Similarly, the multiplicative model calculates the forecasted value for each data point as the product of the baseline values, its trend, and the seasonality components.
Limitations of Holt-Winter’s Technique
In spite of giving the best forecasting result the Holt-Winter’s method still has certain shortcomings. One major limitation of this algorithm is the multiplicative feature of the seasonality. The issue of multiplicative seasonality is how the model performs when we have time frames with very low amounts. A time frame with a data point of 10 or 1 might have an actual difference of 9 but there is a relative difference of about 1000%, so the seasonality, which is expressed as a relative term could change drastically and should be taken care of of of when building the model.
Holt winter’s algorithm has wide areas of application.

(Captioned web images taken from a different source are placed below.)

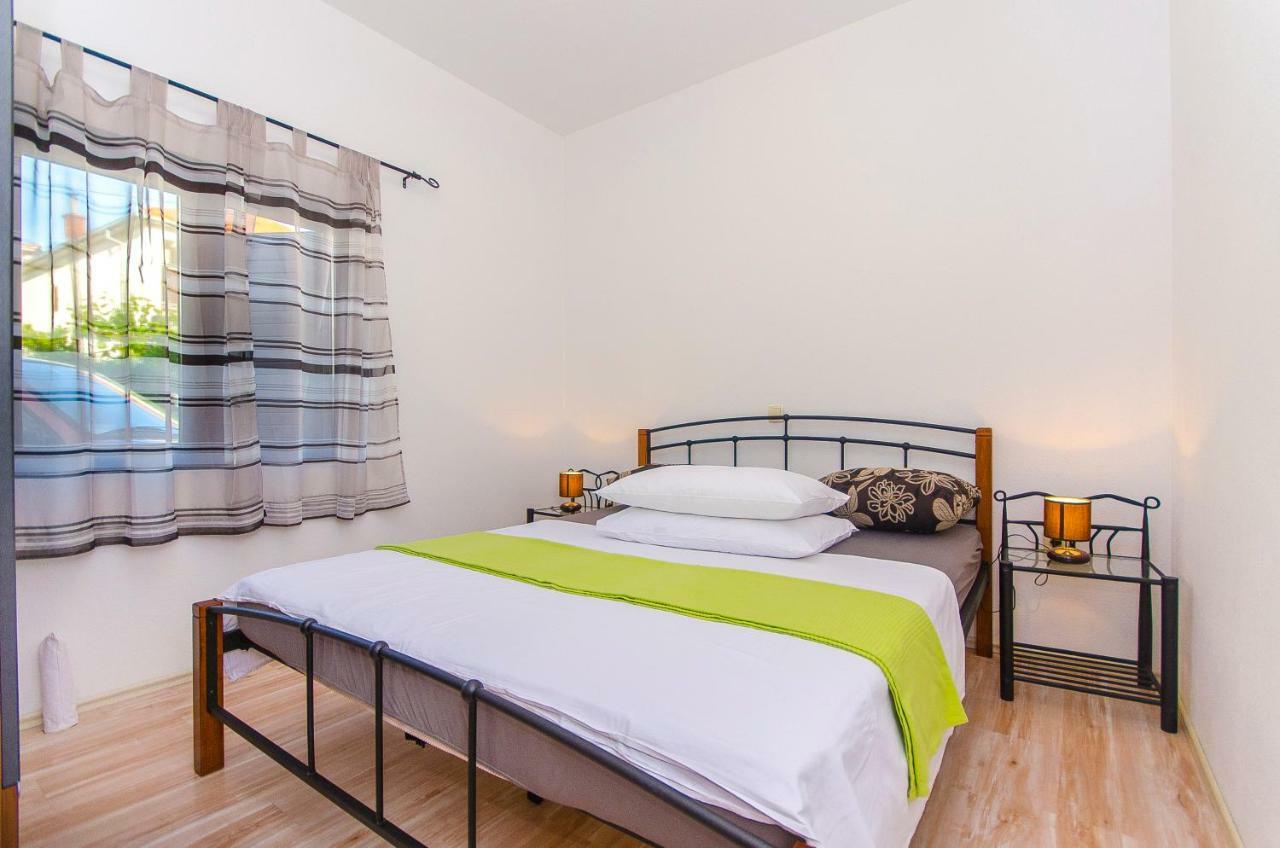 Apartment Ive Trogir Exterior photo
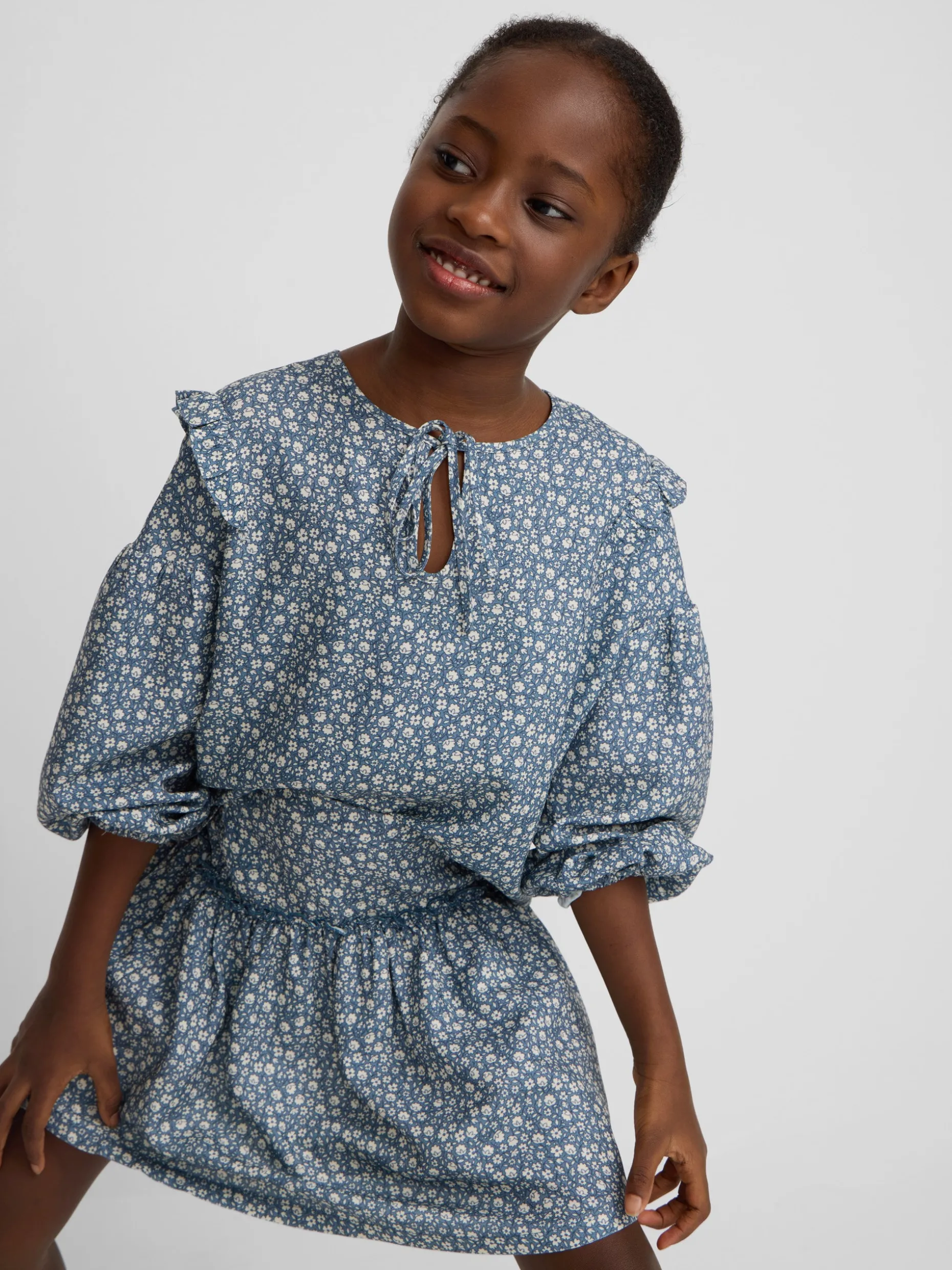 Blusa girl estampado flores azul claro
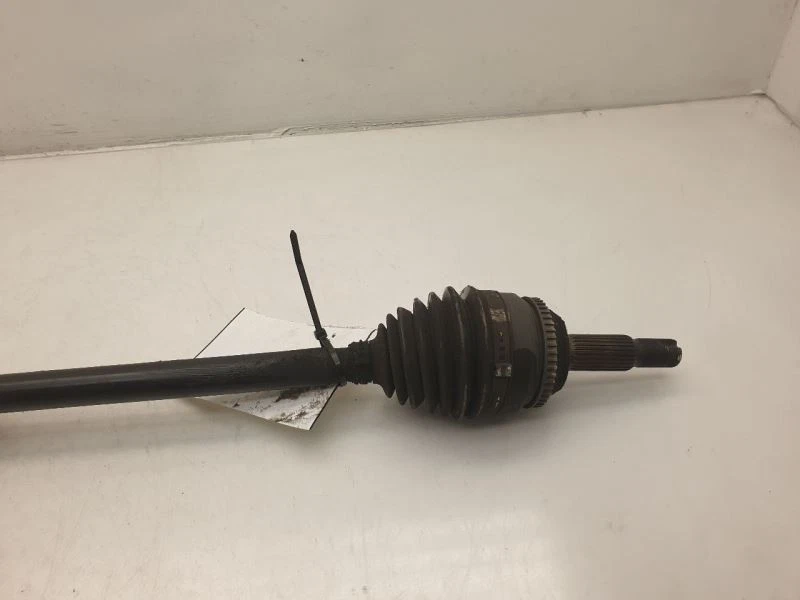 03-08 TOYOTA MATRIX FWD AT PASSENGER SIDE FRONT AXLE SHAFT ASSEMBLY Foto 4 de 4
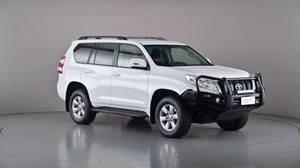 2017 TOYOTA LANDCRUISER PRADO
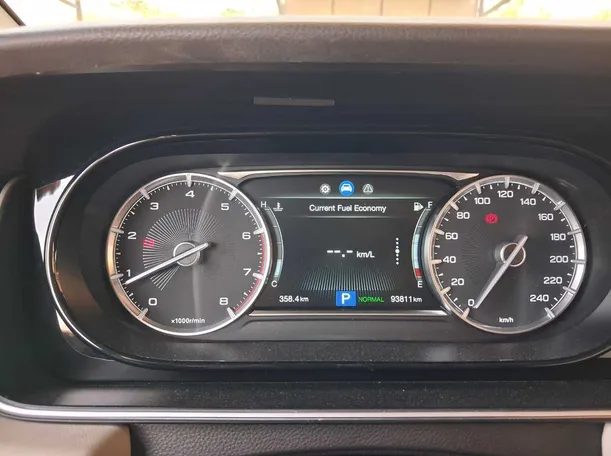 Car image 19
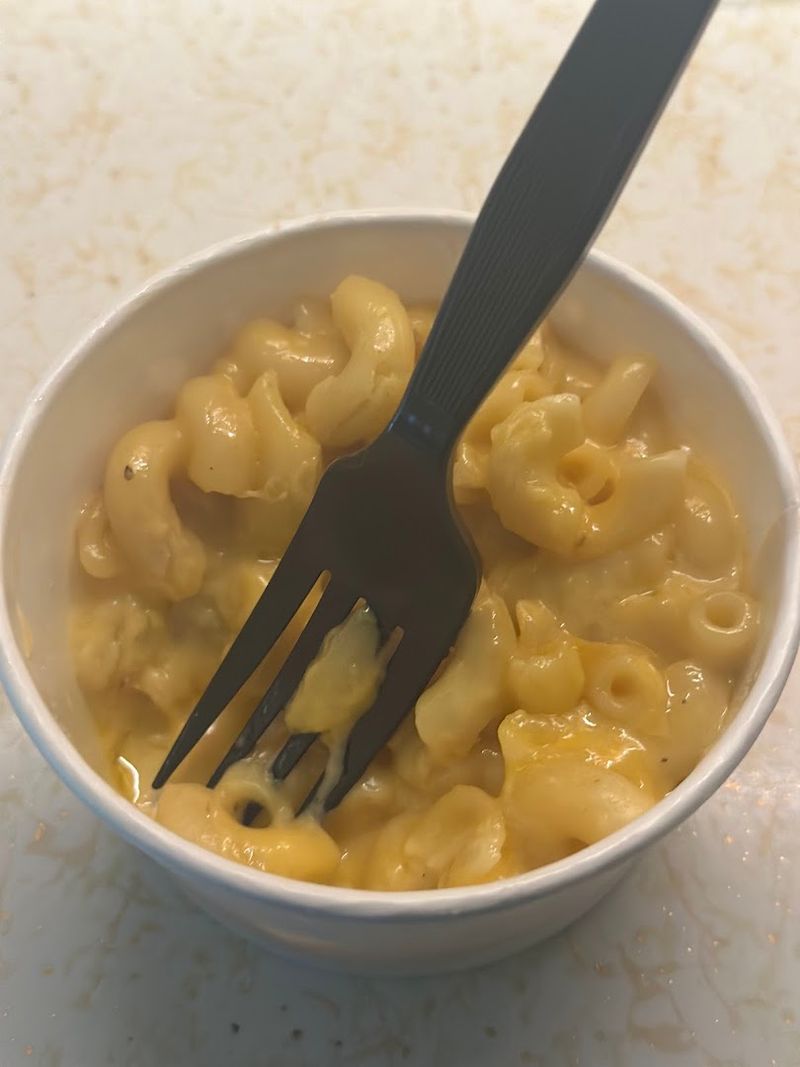 The Sides and Soups: Bob's Chili and the Mac That Earns Its Place The Sides and Soups: Bob's Chili and the Mac That Earns Its Place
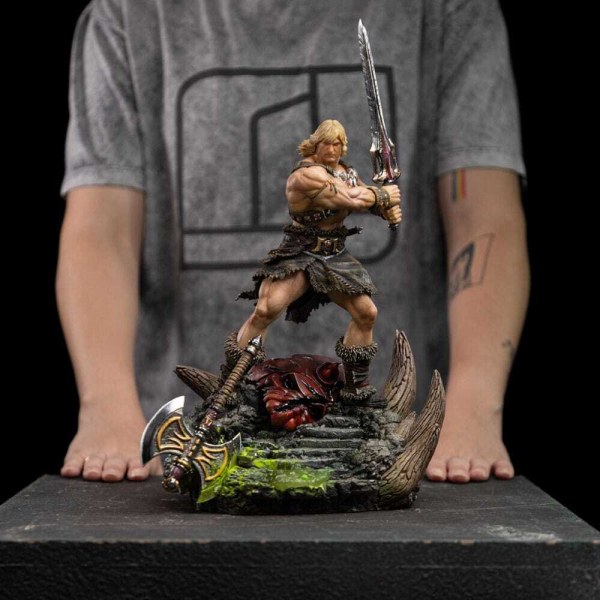 Statuetta Maestri dell’Universo 1/10 Art Scale Deluxe He-Man Scatenato 34 cm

It is used in various business problems mainly because of two reasons one of which is its simple implementation approach and the other one is that the model will evolve as our business requirements change.
Holt Winter’s time series model is a very powerful prediction algorithm despite being one of the simplest models. It can handle the seasonality in the data set by just calculating the central value and then adding or multiplying it to the slope and seasonality, We just have to make sure to tune in the right set of parameters, and viola, we have the best fitting model. Always remember to check the efficiency of the model using the MAPE (mean absolute percentage error) value or the RMSE(Root mean squared error) value, and the accuracy may depend on the business problem and the data set available to train and test the model.